--- WHAT THE TASK ASKS ---
Once "Ficha de la" turns up in a line below, reproduce that line and those after it exactly, stopping after the line with "Erkek 5 Cepli Pamuk Haki Pantolon - 2"; leave pictures out.

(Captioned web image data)
^^^^
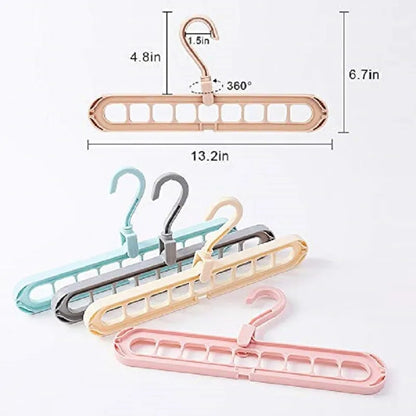 9-in-1 Smart Hanger | Space-Saving Closet Organizer with 360° Rotating Hook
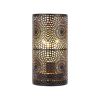 8" Black Metal Pierced Geometric Desk Lamp With Cylinder Shade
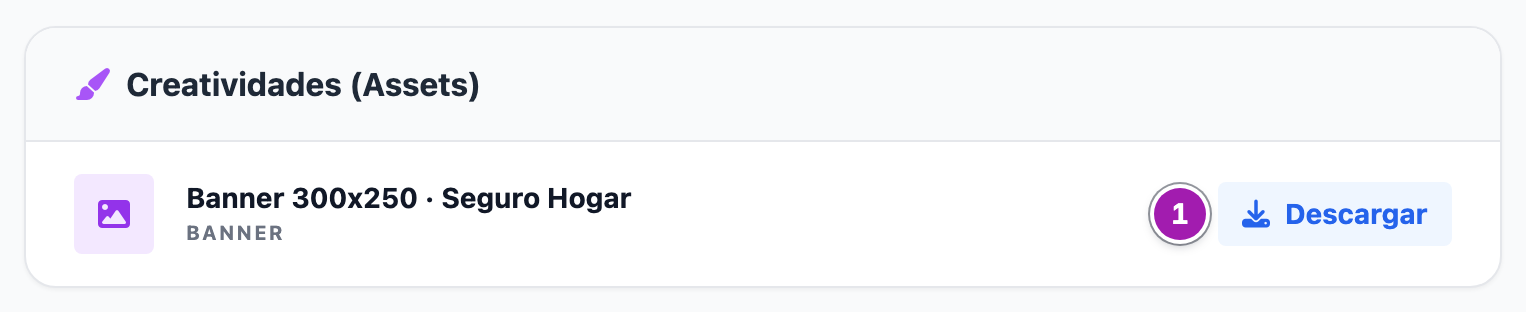 Ficha de la oferta en el portal del afiliado: el recuadro «Creatividades (Assets)» con el banner, su tipo y su botón «Descargar» (1).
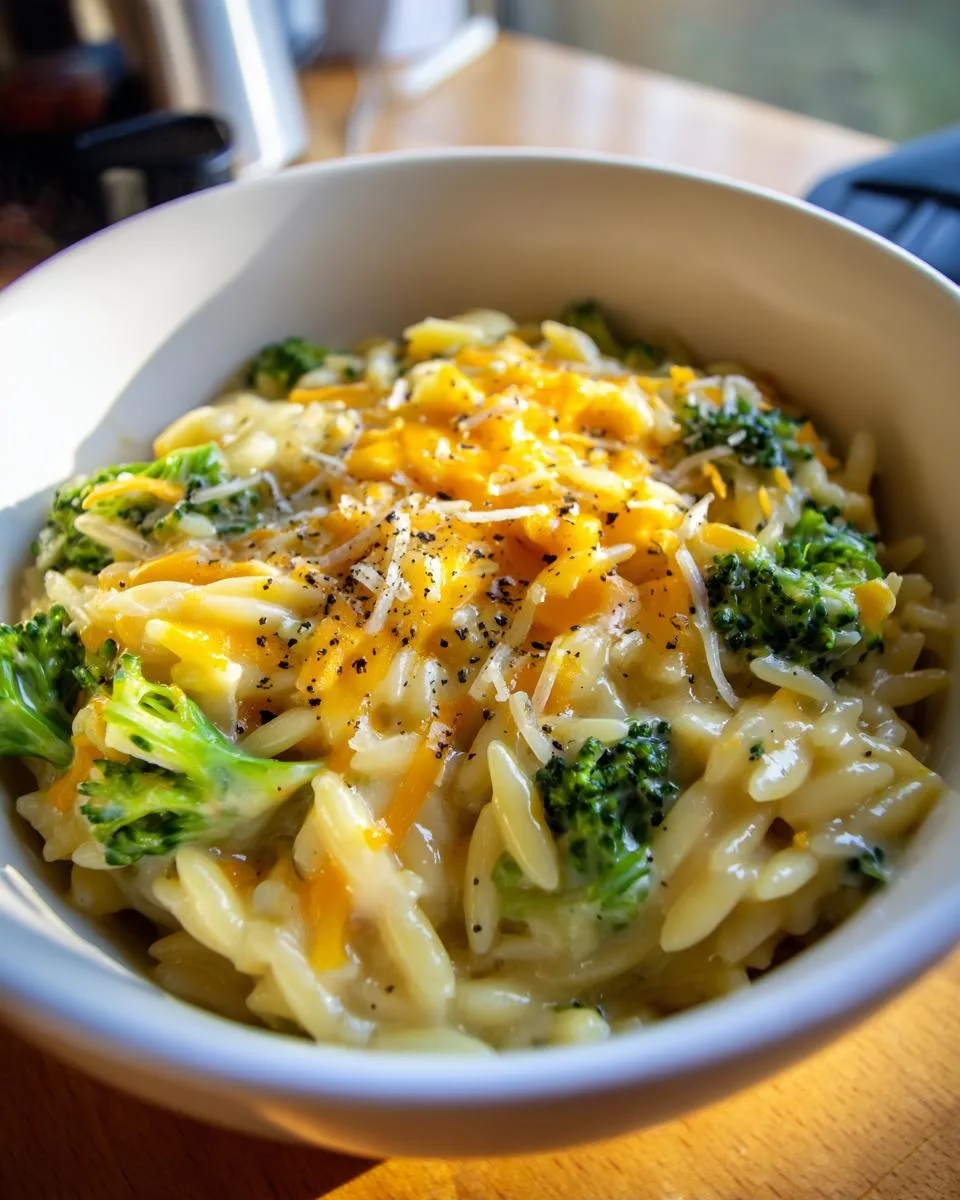Creamy One-Pot Broccoli Cheddar Orzo - detail 4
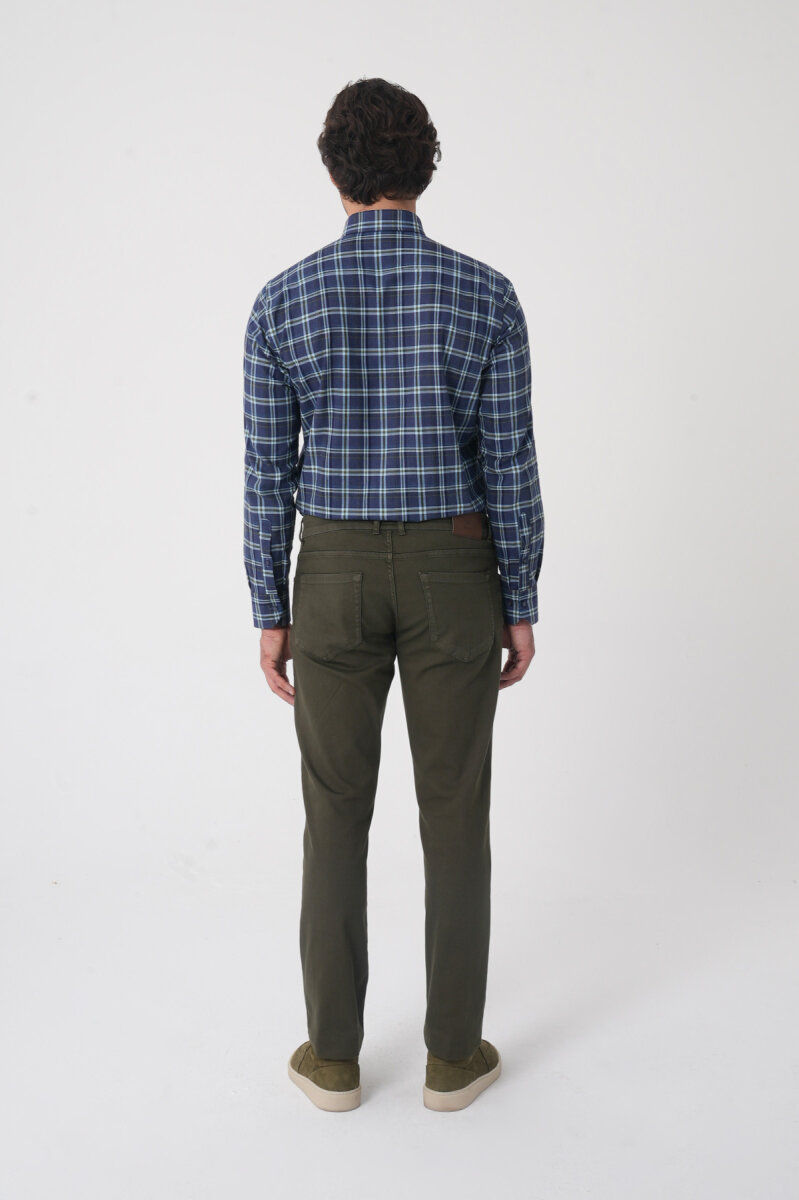 Erkek 5 Cepli Pamuk Haki Pantolon - 2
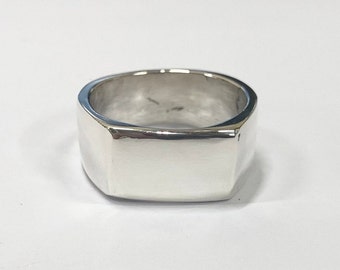 Large Blank 925 Sterling Silver Ring Handmade Polished, Good For Signet, Statement, Minimalist Jewelry
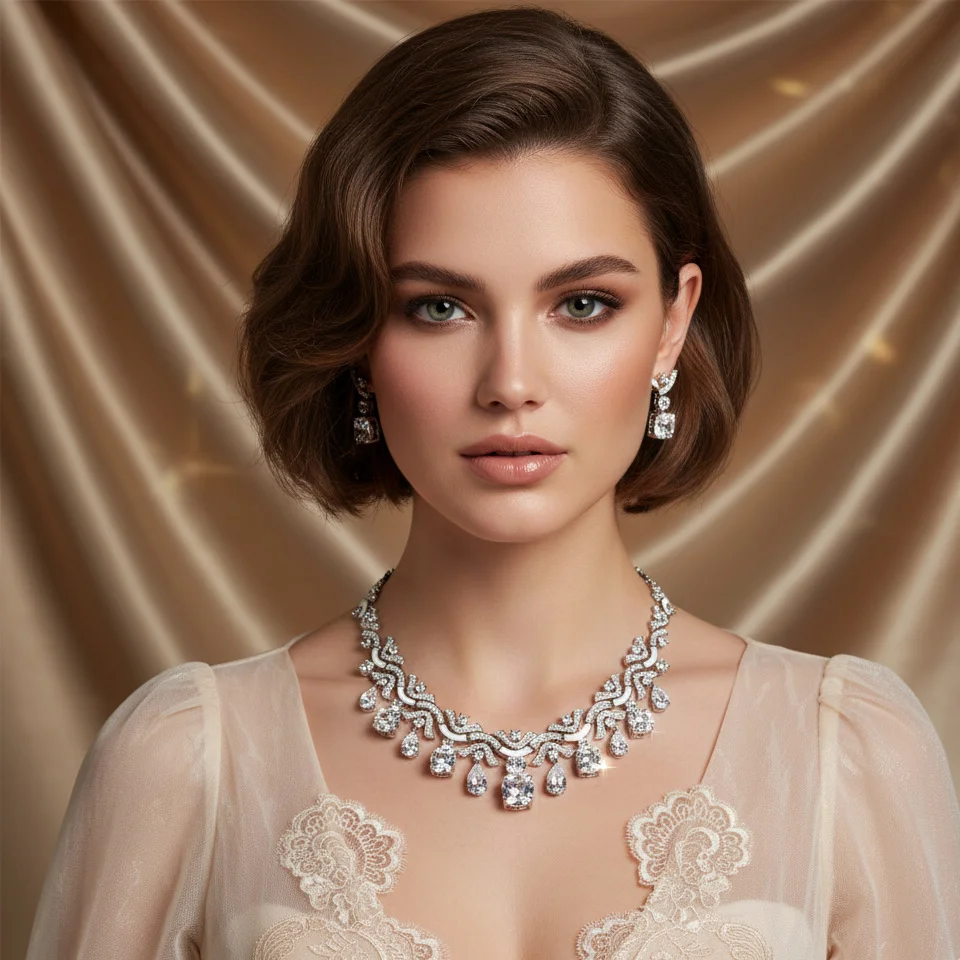 2026 Retro Heavy-duty Inlaid Cut Gemstone Colorful Camellia Snowflake Zircon Necklace Earrings Fashion Jewelry
2026 Retro Heavy-duty Inlaid Cut Gemstone Colorful Camellia Snowflake Zircon Necklace Earrings Fashion Jewelry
^^^^
--- EXERCISE SOLUTION ---
 Ficha de la oferta en el portal del afiliado: el recuadro «Creatividades (Assets)» con el banner, su tipo y su botón «Descargar» (1).
Creamy One-Pot Broccoli Cheddar Orzo - detail 4
 Erkek 5 Cepli Pamuk Haki Pantolon - 2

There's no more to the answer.